7.14 Working with Duplicates
7.14.1 Problem
You've just imported a new set of rows
into
your buffer tables. However, you forgot to delete the previous
import. Now you have a table with some duplicate rows. You need a set
of tools to eliminate these duplicates and to prevent them from
occurring in the future.
Let's say that you uploaded some data from your
sales agent to the Bookstore table; however, due to a mistake in the
code, the upload doubled some rows:
BookId Name Quantity Price Type
----------- ------------------------ ----------- ------- ----------
1 Software Engineering 5 15.00 Manual
2 Modern Operating Systems 7 20.00 Reference
3 Learn SQL 15 18.00 Textbook
4 Learn Advanced SQL 1 8.00 Textbook
5 JavaScript Tutorial 5 10.00 Textbook
6 Modern Operating Systems 7 20.00 Reference
7 Learn SQL 15 18.00 Textbook
7.14.2 Solution
We'll demonstrate a technique for dealing with
duplicates on the Bookstore table. Please note that the BookId column
is always unique and that it is used for identifying otherwise
duplicated rows. This will be useful when only one representative of
a duplicated set needs to be singled out.

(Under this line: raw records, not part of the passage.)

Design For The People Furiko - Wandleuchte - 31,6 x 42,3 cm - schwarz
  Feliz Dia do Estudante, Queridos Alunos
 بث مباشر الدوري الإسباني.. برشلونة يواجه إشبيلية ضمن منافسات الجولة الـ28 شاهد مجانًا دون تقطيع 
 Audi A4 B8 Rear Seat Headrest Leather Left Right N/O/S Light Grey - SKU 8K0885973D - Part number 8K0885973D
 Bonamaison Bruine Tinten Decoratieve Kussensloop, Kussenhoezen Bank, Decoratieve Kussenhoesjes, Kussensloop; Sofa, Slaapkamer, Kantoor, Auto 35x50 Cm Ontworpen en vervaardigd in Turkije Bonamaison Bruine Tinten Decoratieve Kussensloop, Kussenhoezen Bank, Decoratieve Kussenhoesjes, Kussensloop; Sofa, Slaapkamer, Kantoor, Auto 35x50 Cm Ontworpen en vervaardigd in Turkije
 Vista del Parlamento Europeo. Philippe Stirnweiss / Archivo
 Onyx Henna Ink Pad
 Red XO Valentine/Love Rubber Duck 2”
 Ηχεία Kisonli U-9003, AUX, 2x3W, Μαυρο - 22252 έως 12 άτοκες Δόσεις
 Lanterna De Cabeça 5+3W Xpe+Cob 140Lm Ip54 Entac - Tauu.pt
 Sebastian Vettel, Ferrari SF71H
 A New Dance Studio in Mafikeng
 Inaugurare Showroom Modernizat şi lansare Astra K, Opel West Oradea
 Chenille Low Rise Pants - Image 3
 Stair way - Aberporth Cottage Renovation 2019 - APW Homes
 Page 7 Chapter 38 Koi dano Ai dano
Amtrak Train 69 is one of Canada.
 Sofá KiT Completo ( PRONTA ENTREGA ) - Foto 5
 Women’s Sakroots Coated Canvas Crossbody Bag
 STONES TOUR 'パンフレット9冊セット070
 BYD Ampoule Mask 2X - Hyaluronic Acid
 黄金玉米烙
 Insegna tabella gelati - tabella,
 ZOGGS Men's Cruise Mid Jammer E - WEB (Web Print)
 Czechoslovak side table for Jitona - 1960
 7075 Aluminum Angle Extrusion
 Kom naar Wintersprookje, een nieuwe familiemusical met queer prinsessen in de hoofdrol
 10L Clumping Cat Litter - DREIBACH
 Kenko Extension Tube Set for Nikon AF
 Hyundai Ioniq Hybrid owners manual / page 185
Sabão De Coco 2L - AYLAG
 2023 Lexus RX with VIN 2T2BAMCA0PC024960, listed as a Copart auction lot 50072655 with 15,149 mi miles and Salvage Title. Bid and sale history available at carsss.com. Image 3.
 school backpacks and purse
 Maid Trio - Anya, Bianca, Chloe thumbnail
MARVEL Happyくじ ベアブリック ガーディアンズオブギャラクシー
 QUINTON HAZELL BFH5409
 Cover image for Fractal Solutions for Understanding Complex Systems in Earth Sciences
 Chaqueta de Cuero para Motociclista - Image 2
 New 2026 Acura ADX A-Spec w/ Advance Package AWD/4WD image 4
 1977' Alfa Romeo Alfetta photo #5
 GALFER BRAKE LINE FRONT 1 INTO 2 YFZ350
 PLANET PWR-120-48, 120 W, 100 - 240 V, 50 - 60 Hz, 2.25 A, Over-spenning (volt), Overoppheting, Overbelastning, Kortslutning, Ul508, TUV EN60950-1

The queries in this recipe show different ways to count duplicate
rows, report on duplicate rows, extract nonduplicated rows, and
eliminate duplicate rows.
7.14.2.1 Reduction
The term reduction refers to
the
elimination of duplicate rows. The following query returns all
nonduplicate rows from the Bookstore table:
SELECT DISTINCT * FROM Bookstore
Because the DISTINCT keyword was used, any two rows containing the
same set of values will be combined into one row in the
query's result set. Because this query includes the
primary-key column BookId, it's of no practical use
in our particular case; some books still appear twice.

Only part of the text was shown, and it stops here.